B. A student visits Professor Conscientious during office hours to explain that his class has been a transformative experience, so much so, that after she reads her assignments she now sees oppression and discrimination everywhere. In fact, she explains that after she read the assignment about stalking, it made her feel like her very frequent and mildly unpleasant encounters with her ex (consensual sexual partner) could be defined as stalking. Within hours of reading the article she called her ex a “stalker” and since then she has noticed he tries very hard to avoid her. Professor Conscientious tells the student she has made him “aware of” “information regarding sexual misconduct” that he is required to report to the Title IX Team. The student informs Professor Conscientious that she is not, and never intended to, make a claim of sexual misconduct. She tells him that the prospect of being “reported” makes her feel angry and powerless and her current distress is far more significant than the harmless behavior of her ex. She expresses fears that the required investigation will further damage her already strained relationships with her ex and their mutual friends. As she leaves his office, she tells Professor Conscientious that this conversation has undermined her desire to speak candidly to a professor about the connections between her personal and intellectual life. Professor Conscientious now feels like he has utterly violated the trust of his student and is concerned about how this violation will affect her learning experience and their relationship throughout the semester.

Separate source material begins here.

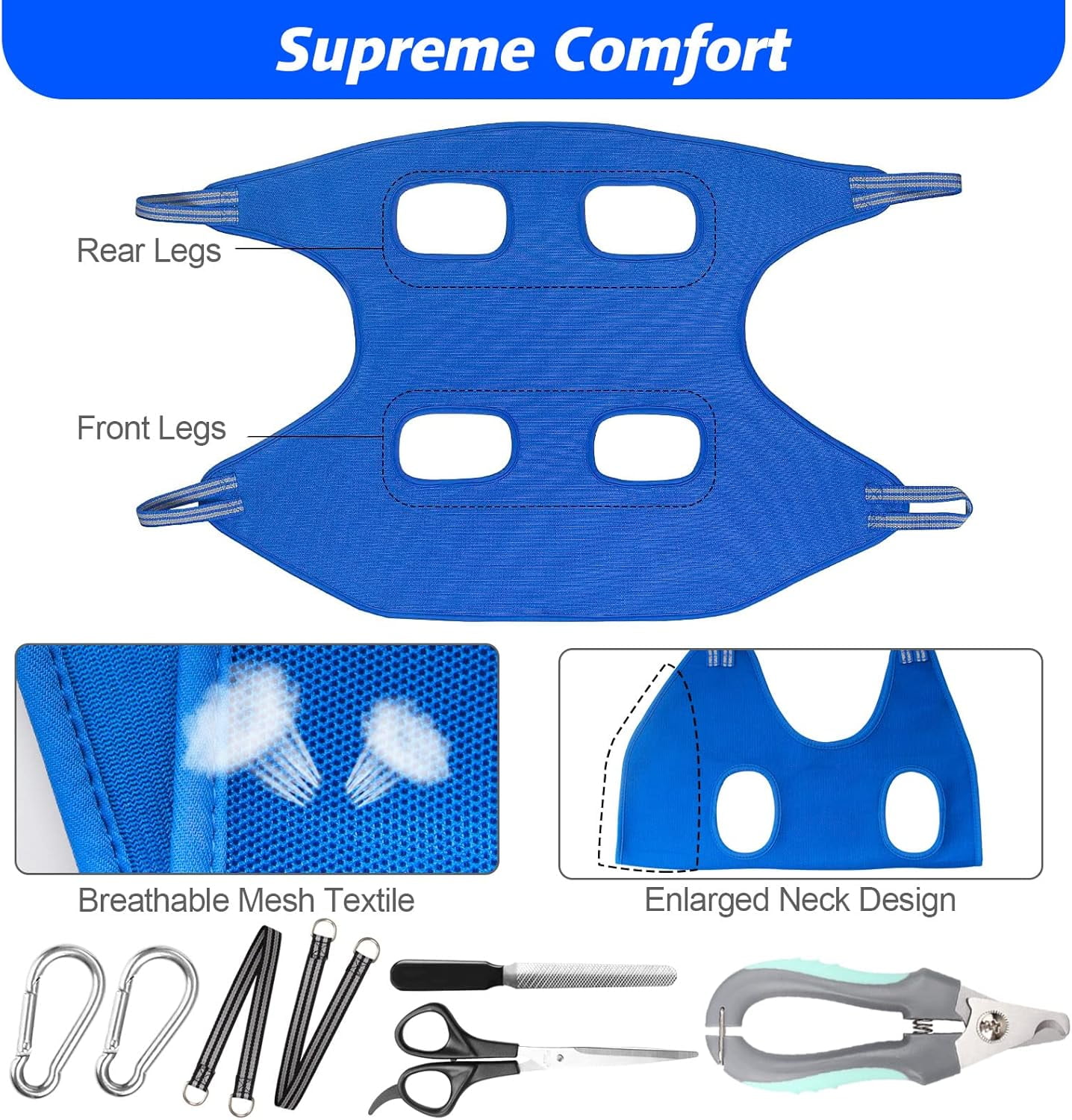 Professional Dog Grooming Kit,Pet Grooming Hammock Harness for Cats & XS Small Dogs，with Nail Clippers, Nail File, Scissors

Does Amherst College policy require Professor Conscientious in both scenarios A and B to report directly to the Title IX Team? From my own reading of the policy and information from my training by the Title IX Team, I believe the answer is yes.
Unfortunately, a potentially problematic policy of mandatory reporting and its strict enforcement distracts us from what these policies have been designed to do: provide a clear channel for redress for those who have experienced harm and have chosen to make a complaint. Ultimately, the faculty’s most important role in promoting the goals of Title IX is not to act as “reporters,” but to expand our efforts to prevent sexual violence. My hope is that we can move away from over reliance upon “enforcement” and toward building a collective consciousness that fosters greater understanding about the harms of discrimination and how it interferes with students’ opportunities to benefit from and enjoy their education. As faculty we should assume responsibilities, above and beyond the Department of Education’s guidelines, to explore how we could be doing more to empower students, to fight all forms of discriminatory treatment in the classroom and to counter violence on campus and in our larger communities. This proactive approach is more in line with the spirit of Title IX and with the “ethic of care” the faculty offers our students in this small and intimate college environment. Hopefully, we can all work together in these efforts.